If it helps, picture one value generating ABCDE (Unique) +
F8CV1 (Random)... and then later on, another value generating
ABCDEF (Unique) + 8CV1 (Random). Both values are ABCDEF8CV1
This is a very valid point, and this has been addressed in the following GetRandomizedString
method, by specifying lengths for the unique and random strings. The EncodeInt32AsString
method has also been modified to pad out the return value to a specified length.
// Returns a string that is the encoded representation of the input number, and a random value
static String GetRandomizedString(Int32 input)
{
Int32 uniqueLength = 6; // Length of the unique string (based on the input)
Int32 randomLength = 4; // Length of the random string (based on the RNG)
String uniqueString;
String randomString;
StringBuilder resultString = new StringBuilder(uniqueLength + randomLength);
// This might not be the best way of seeding the RNG, so feel free to replace it with better alternatives.
// Here, the seed is based on the ratio of the current time and the input number. The ratio is flipped
// around (i.e. it is either M/N or N/M) to ensure an integer is returned.

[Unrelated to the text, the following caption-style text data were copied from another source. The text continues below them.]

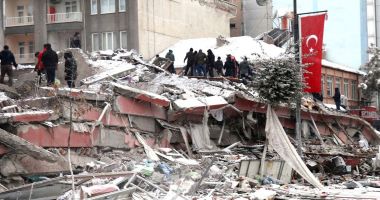 Decizie / Competiﾅ｣iile sportive din Turcia, suspendate ﾃｮn urma cutremurului devastator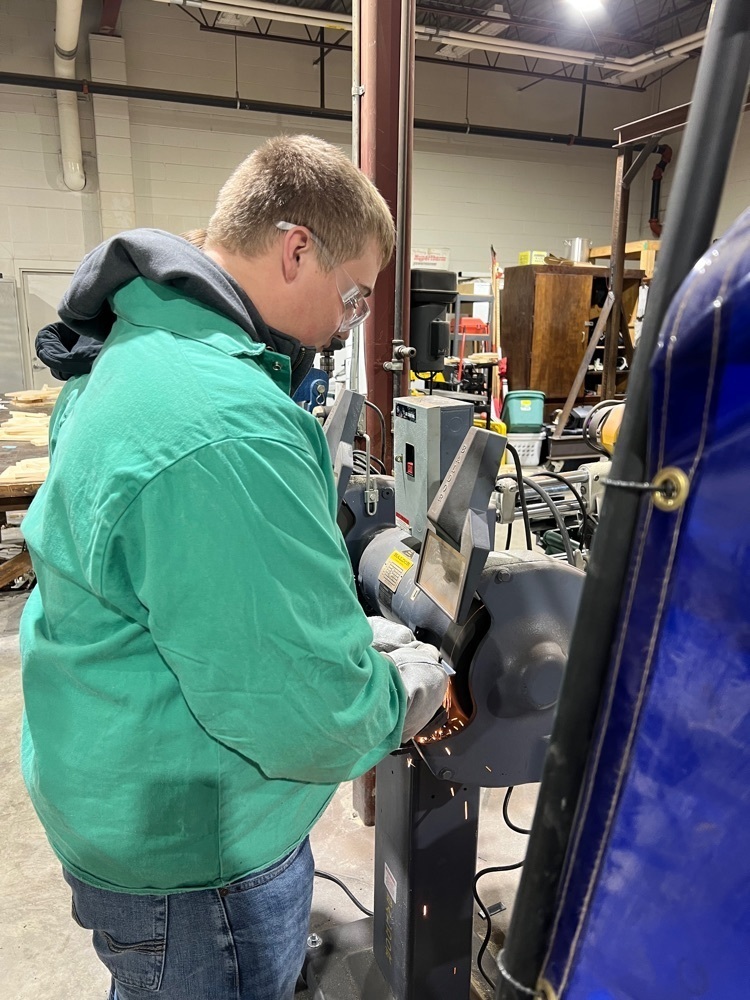 Ag Mechanics 2 has been working hard on welding projects to start off 2nd semester! They are practicing their skills with SMAW, MIG, and Oxy-fuel welding, as well as plasma cutting. 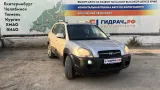 Поводок стеклоочистителя передний правый Hyundai Tucson (JM) 98321-2E001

// Casting an expression with Ticks (Long) to Int32 results in truncation, which is fine since this is
// only a seed for an RNG
Random randomizer = new Random(
(Int32)(
DateTime.Now.Ticks + (DateTime.Now.Ticks > input ? DateTime.Now.Ticks / (input + 1) : input / DateTime.Now.Ticks)
)
);
// Get a random number and encode it as a string, limit its length to 'randomLength'
randomString = EncodeInt32AsString(randomizer.Next(1, Int32.MaxValue), randomLength);
// Encode the input number and limit its length to 'uniqueLength'
uniqueString = EncodeInt32AsString(input, uniqueLength);
// For debugging/display purposes alone: show the 2 constituent parts
resultString.AppendFormat("{0}\t {1}\t ", uniqueString, randomString);
// Take successive characters from the unique and random strings and
// alternate them in the output
for (Int32 i = 0; i < Math.Min(uniqueLength, randomLength); i++)
{
resultString.AppendFormat("{0}{1}", uniqueString[i], randomString[i]);
}
resultString.Append((uniqueLength < randomLength ? randomString : uniqueString).Substring(Math.Min(uniqueLength, randomLength)));
return resultString.ToString();
}
Sample Output
Calling the above method for a variety of input values results in:
Input Int Unique String Random String Combined String
------------ ----------------- -------------- ---------------------
-10 000000 CRJM 0C0R0J0M00
0 000000 33VT 03030V0T00
1 000001 DEQK 0D0E0Q0K01
2147 0001NN 6IU8 060I0U18NN
21474 000GKI VNOA 0V0N0OGAKI
214748 004LP8 REVP 0R0E4VLPP8
2147483 01A10B RPUM 0R1PAU1M0B
21474836 0CSA38 RNL5 0RCNSLA538
214748364 3JUSWC EP3U 3EJPU3SUWC
2147483647 ZIK0ZJ BM2X ZBIMK20XZJ
1 000001 QTAF 0Q0T0A0F01
2 000002 GTDT 0G0T0D0T02
3 000003 YMEA 0Y0M0E0A03
4 000004 P2EK 0P020E0K04
5 000005 17CT 01070C0T05
6 000006 WH12 0W0H010206
7 000007 SHP0 0S0H0P0007
8 000008 DDNM 0D0D0N0M08
9 000009 192O 0109020O09
10 00000A KOLD 0K0O0L0D0A
11 00000B YUIN 0Y0U0I0N0B
12 00000C D8IO 0D080I0O0C
13 00000D KGB7 0K0G0B070D
14 00000E HROI 0H0R0O0I0E
15 00000F AGBT 0A0G0B0T0F
As can be seen above, the unique string is predictable for sequential numbers, given it is just the same number represented in a different base. However, the random string brings in some entropy to prevent users from guessing subsequent numbers. Moreover, by interleaving the "digits" of the unique string and random string it becomes slightly more difficult for users to observe any pattern.
In the above example, the length of the unique string is set to 6 (since that allows it to represent Int32.MaxValue
), but the length of the random string is set to 4 because the OP wanted a total length of 10 characters.